▶ [Exercise requirements]: Retype exactly the lines that run from the line with "Arcadie Matelasse Nappa" to the final line of the entries, keeping both ends and nothing else.

======== Records supplied

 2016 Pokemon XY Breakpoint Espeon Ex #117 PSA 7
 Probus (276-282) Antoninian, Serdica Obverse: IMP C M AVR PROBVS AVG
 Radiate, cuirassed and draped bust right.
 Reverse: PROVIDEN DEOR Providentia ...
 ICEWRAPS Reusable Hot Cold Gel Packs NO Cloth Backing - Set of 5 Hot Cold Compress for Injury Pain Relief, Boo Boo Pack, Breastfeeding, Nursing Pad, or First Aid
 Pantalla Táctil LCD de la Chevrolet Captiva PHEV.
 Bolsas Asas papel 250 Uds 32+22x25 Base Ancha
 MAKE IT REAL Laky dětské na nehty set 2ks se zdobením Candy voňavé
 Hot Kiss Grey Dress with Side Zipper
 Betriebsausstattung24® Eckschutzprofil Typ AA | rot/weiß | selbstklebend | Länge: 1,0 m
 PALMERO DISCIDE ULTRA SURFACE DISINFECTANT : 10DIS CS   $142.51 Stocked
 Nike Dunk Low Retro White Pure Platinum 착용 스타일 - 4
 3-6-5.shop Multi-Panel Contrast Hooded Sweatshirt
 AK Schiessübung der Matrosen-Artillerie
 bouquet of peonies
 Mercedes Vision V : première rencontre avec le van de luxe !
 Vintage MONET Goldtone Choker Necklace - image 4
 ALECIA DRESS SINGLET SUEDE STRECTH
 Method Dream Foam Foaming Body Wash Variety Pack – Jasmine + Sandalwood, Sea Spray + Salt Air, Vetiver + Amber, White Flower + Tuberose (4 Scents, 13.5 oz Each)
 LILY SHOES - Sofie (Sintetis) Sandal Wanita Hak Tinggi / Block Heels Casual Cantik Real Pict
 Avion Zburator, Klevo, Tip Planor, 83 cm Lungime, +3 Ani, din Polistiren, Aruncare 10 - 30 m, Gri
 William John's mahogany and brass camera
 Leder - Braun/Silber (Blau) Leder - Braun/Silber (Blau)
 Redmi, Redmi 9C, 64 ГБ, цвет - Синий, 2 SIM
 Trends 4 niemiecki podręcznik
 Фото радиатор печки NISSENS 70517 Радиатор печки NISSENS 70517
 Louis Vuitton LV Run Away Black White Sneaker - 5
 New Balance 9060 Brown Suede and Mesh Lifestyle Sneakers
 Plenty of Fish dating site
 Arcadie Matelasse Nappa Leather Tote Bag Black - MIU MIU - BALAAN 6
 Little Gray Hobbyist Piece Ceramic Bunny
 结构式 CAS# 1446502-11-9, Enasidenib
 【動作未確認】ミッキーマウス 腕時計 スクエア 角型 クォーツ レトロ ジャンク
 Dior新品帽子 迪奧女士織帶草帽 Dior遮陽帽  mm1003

================

▶ [Answer to this problem]:
 Arcadie Matelasse Nappa Leather Tote Bag Black - MIU MIU - BALAAN 6
 Little Gray Hobbyist Piece Ceramic Bunny
 结构式 CAS# 1446502-11-9, Enasidenib
 【動作未確認】ミッキーマウス 腕時計 スクエア 角型 クォーツ レトロ ジャンク
 Dior新品帽子 迪奧女士織帶草帽 Dior遮陽帽  mm1003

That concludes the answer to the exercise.